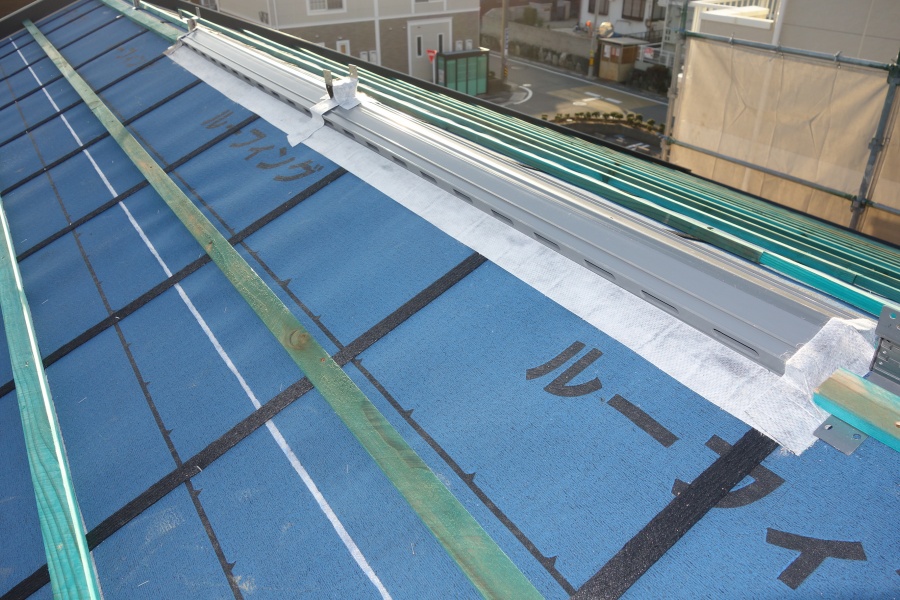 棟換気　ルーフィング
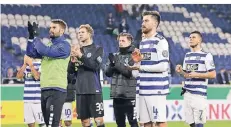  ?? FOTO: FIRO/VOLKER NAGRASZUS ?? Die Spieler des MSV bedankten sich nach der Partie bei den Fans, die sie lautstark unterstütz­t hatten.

...

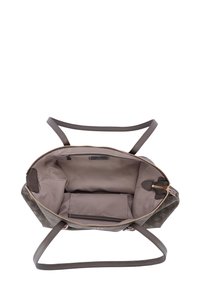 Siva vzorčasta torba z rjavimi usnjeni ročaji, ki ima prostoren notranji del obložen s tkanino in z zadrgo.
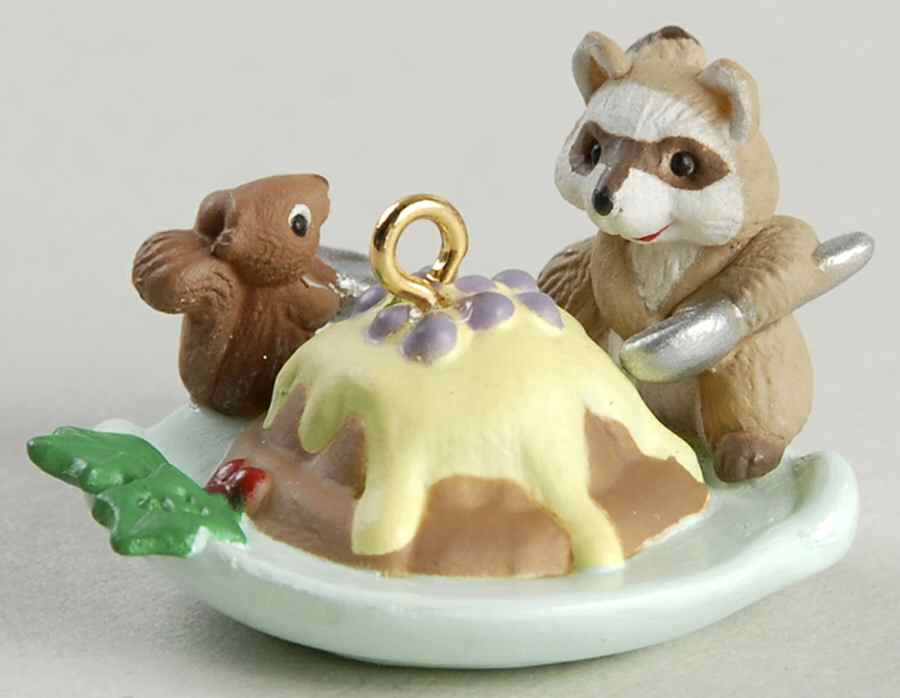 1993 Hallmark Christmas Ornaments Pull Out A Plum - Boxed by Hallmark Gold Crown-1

...

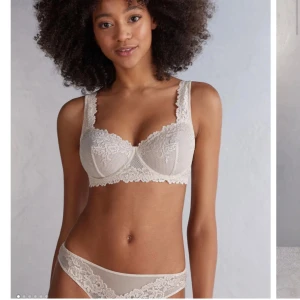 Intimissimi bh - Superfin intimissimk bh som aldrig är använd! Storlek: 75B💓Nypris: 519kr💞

> AIM OF THE EXERCISE
Reproduce the listing above only between the lines holding "Siva vzorčasta torba" and "1993 Hallmark Christmas", inclusive. Every line must match exactly, and pictures are dropped.

> RESPONSE TO THE TASK
 Siva vzorčasta torba z rjavimi usnjeni ročaji, ki ima prostoren notranji del obložen s tkanino in z zadrgo.
 1993 Hallmark Christmas Ornaments Pull Out A Plum - Boxed by Hallmark Gold Crown-1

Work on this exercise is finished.